Anaphora and Quantification in Situation Semantics
Cambridge University Press, Sep 1, 1990 - Language Arts & Disciplines - 352 pages
A principal goal of this book is to develop and apply the Situation Semantics framework. Jean Mark Gawron and Stanley Peters adopt a version of the theory in which meanings are built up via syntactically driven semantic composition rules. They provide a substantial treatment of English incorporating treatments of pronomial anaphora, quantification, donkey anaphora, and tense. The book focuses on the semantics of pronomial anaphora and quantification. The authors argue that the ambiguities of sentences with pronouns cannot be adequately accounted for with a theory that represents anaphoric relations only syntactically; their relational framework uniformly deals with anaphoric relations as relations between utterances in context.

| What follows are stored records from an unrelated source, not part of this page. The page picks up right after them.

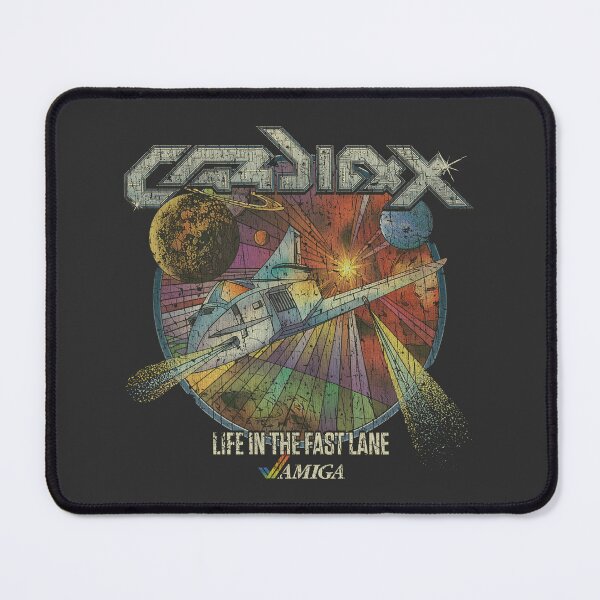 Item preview, Cardiaxx Life In The Fast Lane 1991 designed and sold by AstroZombie6669.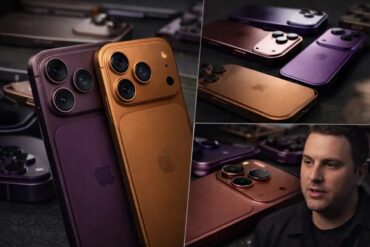 Какие технологические изменения получит iPhone 18 Pro и сколько он будет стоить в Германии в 2026 году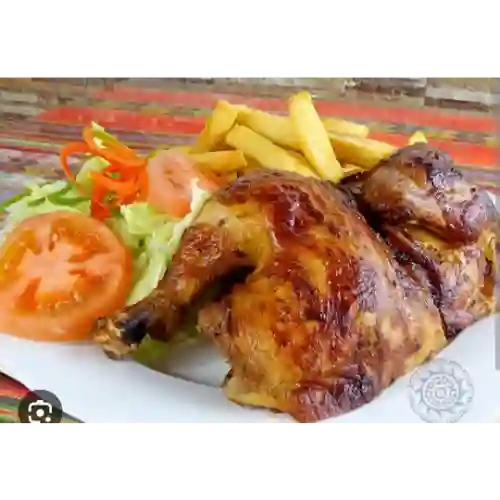 Combo 2 con Ensalada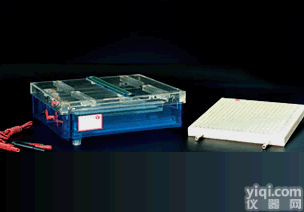 DL19-DYCP-37B  电<em>聚焦</em>多用途<em>电泳仪</em> 电<em>聚焦</em>电泳槽 水平调节腿<em>电泳仪</em>
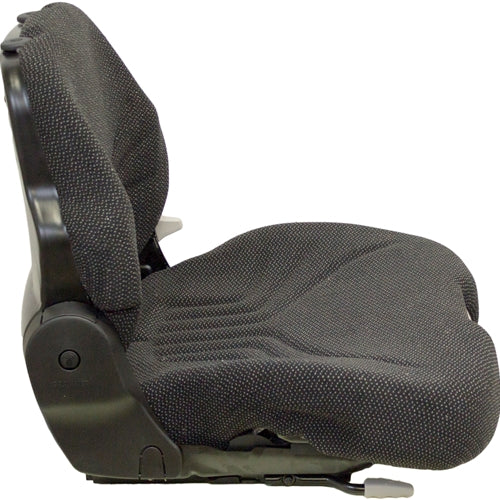 741 Fabric Seat Replacement for Grammer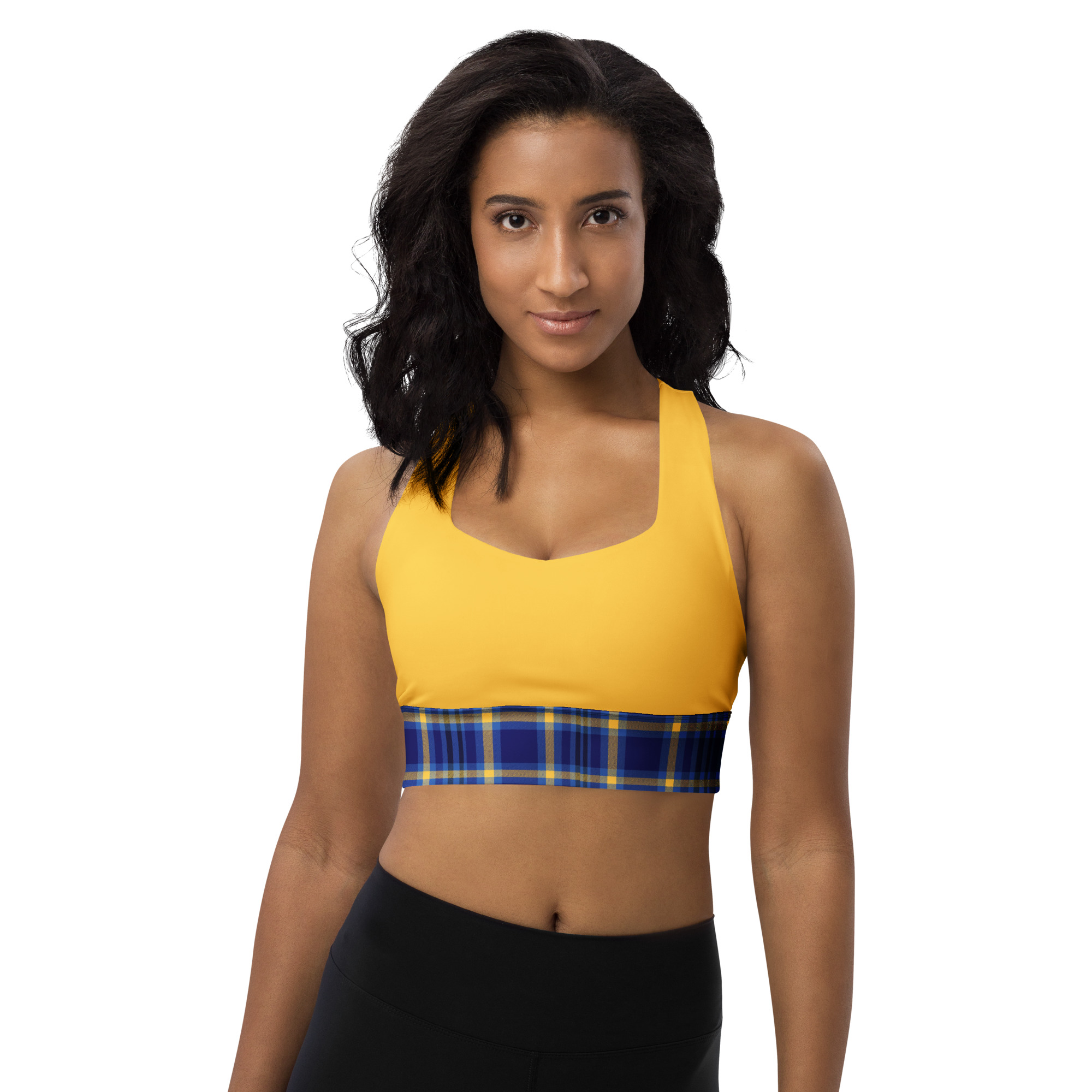 all over print longline sports bra white front 6adab384c9316 jpg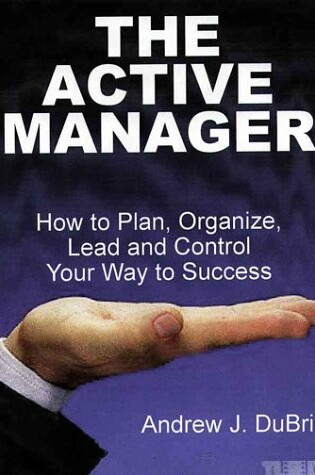 Cover of The Active Manager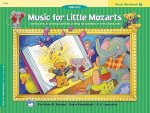 Music for Little Mozarts Music Workbook, Bk 2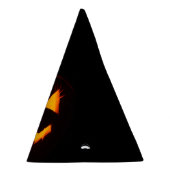 Leichte Kürbislaterne Partyhütchen (Rechts)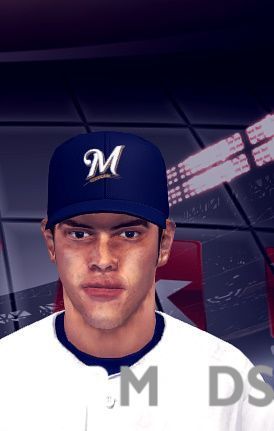 More information about "Christian Yelich MLB 2K18"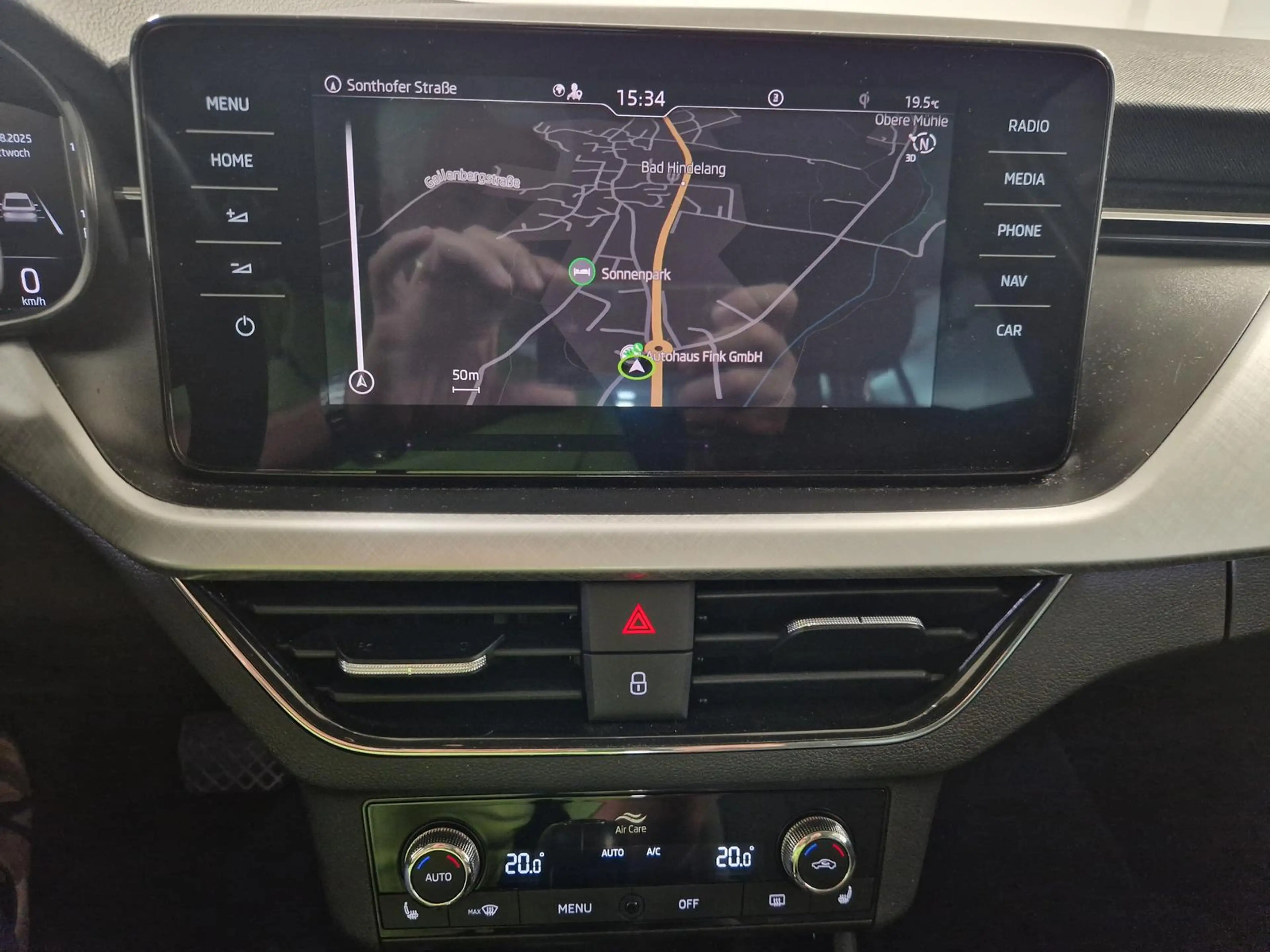 Skoda Kamiq Tour 1.0 TSI DSG RFK Navi PDC v+h. — photo 15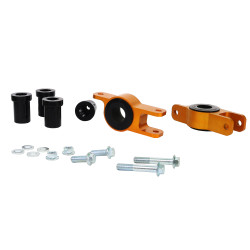 Whiteline KCA467 Control Arm Lower Inner Rear Bushing Kit-Double Offset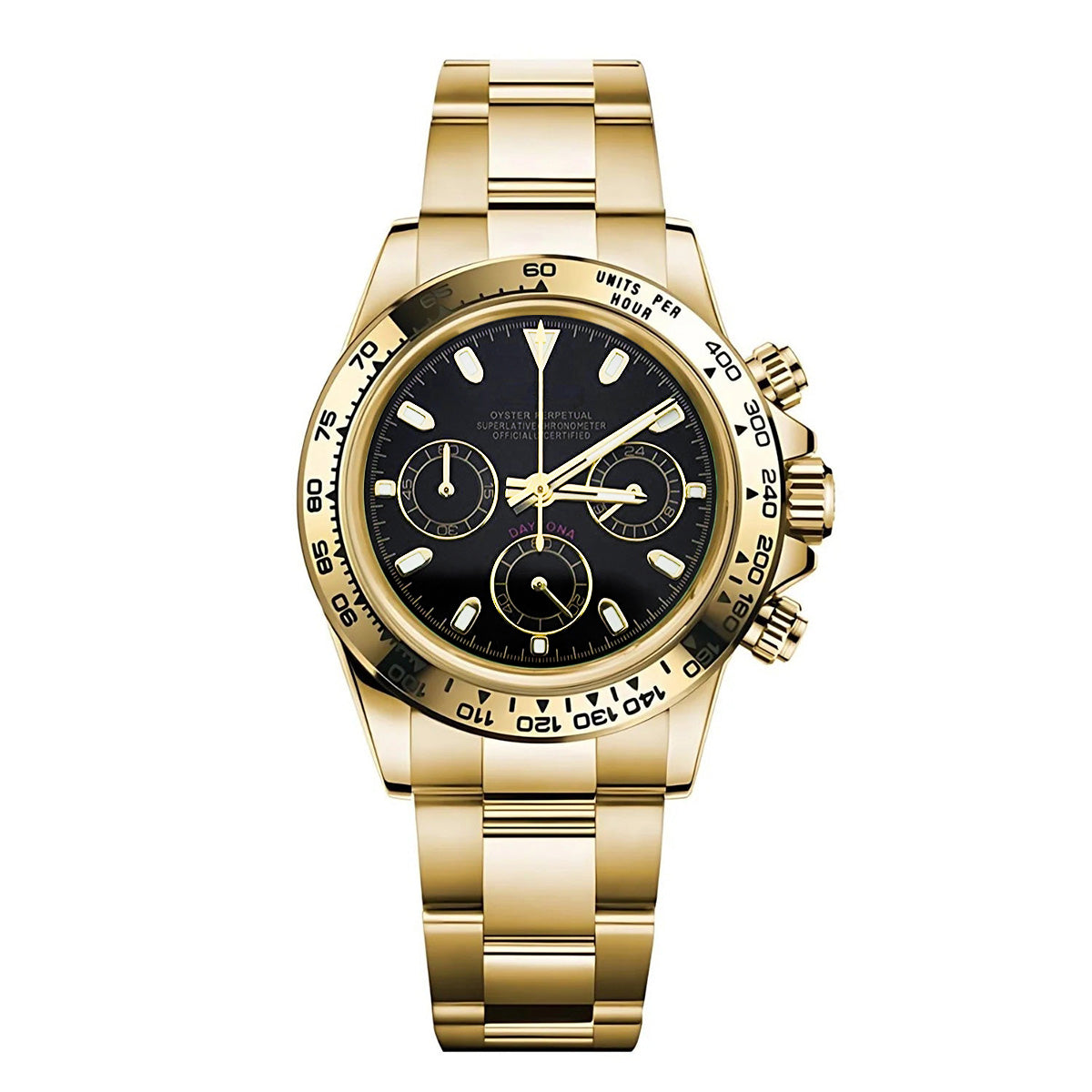 Daytona - Black Gold - urmods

They argue that there is no need for a syntactic representation of anaphoric relations, or for a theory that accounts for anaphoric ambiguities by resorting to two or more kinds of anaphora. Quantifier scope ambiguities are handled analogously to anaphoric ambiguities. This treatment integrates the Cooper Store mechanism with a theory of meaning that provides both a natural setting for it and a convincing account of what, semantically, is going on. Jean Mark Gawron is a researcher for Hewlett Packard Laboratories, Palo Alto. Stanley Peters is professor of linguistics and symbolic systems at Stanford University and is director of the Center for the Study of Language and Information.